Now look at a case where you have to interpret a negative slope.

Interpreting a regression line with negative slope

y = -3.2x + 98.4

A regression line for a data set where x is the number of absences in a semester and y is the final exam grade.

\text{slope} = -3.2

For each additional absence, the predicted grade drops by 3.2 points.

y = -3.2(0) + 98.4 = 98.4

The y-intercept says a student with zero absences is predicted to score about 98.4. That is the model's starting point.

y = -3.2(10) + 98.4 = 66.4 \checkmark

A student with 10 absences is predicted to score about 66.4. Substitute x = 10 and evaluate.

One more thing the Regents tests regularly: using the regression line to make predictions within the data range versus outside it.
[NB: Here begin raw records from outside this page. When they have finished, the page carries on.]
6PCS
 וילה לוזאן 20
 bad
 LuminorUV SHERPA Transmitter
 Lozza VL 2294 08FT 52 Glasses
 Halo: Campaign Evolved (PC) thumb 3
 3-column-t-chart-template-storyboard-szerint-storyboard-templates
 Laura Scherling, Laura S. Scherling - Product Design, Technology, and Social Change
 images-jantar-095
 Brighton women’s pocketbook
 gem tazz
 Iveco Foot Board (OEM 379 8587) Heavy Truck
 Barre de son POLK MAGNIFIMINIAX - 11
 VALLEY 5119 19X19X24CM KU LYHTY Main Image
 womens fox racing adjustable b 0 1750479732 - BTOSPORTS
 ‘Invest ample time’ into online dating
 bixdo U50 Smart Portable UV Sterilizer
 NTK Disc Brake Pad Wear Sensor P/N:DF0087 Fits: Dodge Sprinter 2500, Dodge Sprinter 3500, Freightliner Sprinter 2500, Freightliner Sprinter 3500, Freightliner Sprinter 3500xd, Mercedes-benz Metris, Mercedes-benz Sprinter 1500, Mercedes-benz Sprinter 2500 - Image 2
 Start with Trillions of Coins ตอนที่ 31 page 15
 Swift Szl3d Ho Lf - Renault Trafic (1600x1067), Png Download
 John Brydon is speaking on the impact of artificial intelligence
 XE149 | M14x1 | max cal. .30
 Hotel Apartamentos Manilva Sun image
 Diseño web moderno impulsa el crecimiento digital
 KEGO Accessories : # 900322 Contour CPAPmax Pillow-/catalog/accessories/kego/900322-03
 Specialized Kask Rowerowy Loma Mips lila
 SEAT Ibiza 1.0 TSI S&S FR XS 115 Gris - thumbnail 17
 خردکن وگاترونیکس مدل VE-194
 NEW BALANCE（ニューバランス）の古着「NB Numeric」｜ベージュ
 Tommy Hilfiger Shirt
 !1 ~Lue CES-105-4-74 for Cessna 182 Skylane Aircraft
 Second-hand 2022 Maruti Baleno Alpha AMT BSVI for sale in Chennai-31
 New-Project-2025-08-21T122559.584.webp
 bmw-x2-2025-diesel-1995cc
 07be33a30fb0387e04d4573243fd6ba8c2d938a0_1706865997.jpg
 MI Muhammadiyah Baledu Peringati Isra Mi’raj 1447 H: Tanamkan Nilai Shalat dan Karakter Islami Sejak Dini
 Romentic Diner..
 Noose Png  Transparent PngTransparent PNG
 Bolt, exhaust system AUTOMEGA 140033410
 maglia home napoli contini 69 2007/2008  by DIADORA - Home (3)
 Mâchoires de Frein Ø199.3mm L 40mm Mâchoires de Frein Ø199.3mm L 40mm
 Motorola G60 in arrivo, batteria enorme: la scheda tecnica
Predicting inside the range of your data is called interpolation, and it is generally reliable. Predicting far outside the range is called extrapolation, and the model may not hold. If the study data only went from 1 to 6 hours, predicting for 20 hours of studying using the same line might give a score above 100, which is impossible. The line is a model, not a law.

Practice Questions

y = 4.1x + 12.6 \text{, find } y \text{ when } x = 5

y = -2.5x + 80, \text{ interpret slope and y-intercept}

r = -0.21 \text{ — is a linear model a good fit?}

Regents Corner

On Part II and Part III of the Algebra I Regents, linear regression questions almost always ask you to write the equation, interpret the slope in context, and use the equation to predict a value. Showing the substitution step earns a process credit — do not just write the final answer. The grader needs to see $y = 5.83(4.5) + 56.33$ before they see $82.6$ .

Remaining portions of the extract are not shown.